Around 3:00 in the morning of the next day, there is another ceremony called Yonaoi-Shinji (夜儺追神事) known by very few. In this ceremony, the Shin-Otoko carries a Tsuchi-Mochi (土餅) tied to his back. And with the help of two priests he walks in circles several times around the sacred place. With this, all the people’s bad luck, collected by the Shin-Otoko, is transferred directly to the Tsuchi-Mochi. Finally, the Tsuchi-Mochi is buried in a secret place.
Hours after that, around 8:00, one last event is celebrated. In this event the Okagami Mochi will be cut and distributed among all the people attending that day (大鏡餅切り始 Okagami Mochi Kiri Hajime). It is said that if you eat a piece of that mochi you will not get sick in the summer of that same year. Every year a multitude of people stand in line to buy a piece of this mochi. Also on this day the Shin-Otoko will make an appearance to greet the people again. Many take the opportunity to take pictures with him or to pick up their children.
1.First of all, warm up well, since at this time in Inazawa it is winter cold.
2.It’s not necessary to bring food with you. As in all Matsuris (Japanese festivals), you will find a wide variety of food stalls. From tornado potatoes, skewers, okonomiyakis, chocolate bananas, castelas, etc.
3.Despite being a “little more civilized” ritual than in its origins, there is still very violent behavior among the participants. One part due to the effects of alcohol and another because of the heat of the moment. And it is not necessary to mention the multitude of people who attend this event every year. This sometimes can cause moments of danger and end with some tragedy like in the event of 2018 when a participant died. Take PRECAUTION, please!
From Nagoya station there are 2 train lines that lead to Inazawa, Meitetsu and JR Tokaido.

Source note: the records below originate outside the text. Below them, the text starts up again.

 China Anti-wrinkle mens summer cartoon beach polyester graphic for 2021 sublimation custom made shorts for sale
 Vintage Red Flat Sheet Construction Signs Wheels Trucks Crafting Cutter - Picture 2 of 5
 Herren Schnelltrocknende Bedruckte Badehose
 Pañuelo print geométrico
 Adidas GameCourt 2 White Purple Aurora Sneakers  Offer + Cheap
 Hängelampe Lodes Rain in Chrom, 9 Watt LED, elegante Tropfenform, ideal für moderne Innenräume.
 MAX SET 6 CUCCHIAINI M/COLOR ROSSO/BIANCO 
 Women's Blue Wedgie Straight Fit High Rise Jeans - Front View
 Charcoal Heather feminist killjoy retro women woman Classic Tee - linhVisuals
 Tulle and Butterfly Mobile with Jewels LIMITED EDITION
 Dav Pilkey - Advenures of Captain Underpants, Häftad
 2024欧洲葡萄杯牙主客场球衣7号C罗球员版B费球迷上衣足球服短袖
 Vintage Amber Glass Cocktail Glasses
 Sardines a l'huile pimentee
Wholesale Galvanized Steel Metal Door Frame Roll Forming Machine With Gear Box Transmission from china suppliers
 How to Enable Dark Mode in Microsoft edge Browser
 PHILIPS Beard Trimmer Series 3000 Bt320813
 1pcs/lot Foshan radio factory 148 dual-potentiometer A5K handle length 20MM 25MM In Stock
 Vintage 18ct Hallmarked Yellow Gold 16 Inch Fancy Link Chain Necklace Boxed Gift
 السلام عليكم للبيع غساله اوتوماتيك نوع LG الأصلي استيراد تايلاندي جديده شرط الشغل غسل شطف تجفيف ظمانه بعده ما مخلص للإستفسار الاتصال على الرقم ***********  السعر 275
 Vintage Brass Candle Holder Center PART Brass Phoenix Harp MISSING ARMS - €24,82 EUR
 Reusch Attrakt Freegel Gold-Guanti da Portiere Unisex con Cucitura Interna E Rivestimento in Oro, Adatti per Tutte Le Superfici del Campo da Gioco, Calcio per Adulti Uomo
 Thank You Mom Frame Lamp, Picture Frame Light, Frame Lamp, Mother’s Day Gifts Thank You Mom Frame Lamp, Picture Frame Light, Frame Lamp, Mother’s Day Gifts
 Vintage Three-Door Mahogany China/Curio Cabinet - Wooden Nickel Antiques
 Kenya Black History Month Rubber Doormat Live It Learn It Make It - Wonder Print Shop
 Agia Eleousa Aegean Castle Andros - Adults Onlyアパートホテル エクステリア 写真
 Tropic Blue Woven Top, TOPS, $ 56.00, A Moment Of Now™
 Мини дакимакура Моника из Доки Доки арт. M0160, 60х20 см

Take the Meitetsu train line to the Konomiya station. Go by the west exit, take the underground passage on the left to cross to the east side of the station. After climbing the stairs, walk 5 minutes to the northeast to the Owari Okunitama Shrine (Konomiya Jinja Shrine).
JR Tokaido Line
Take JR Tokaido train line to Inazawa station. From there, 15 minutes by walk.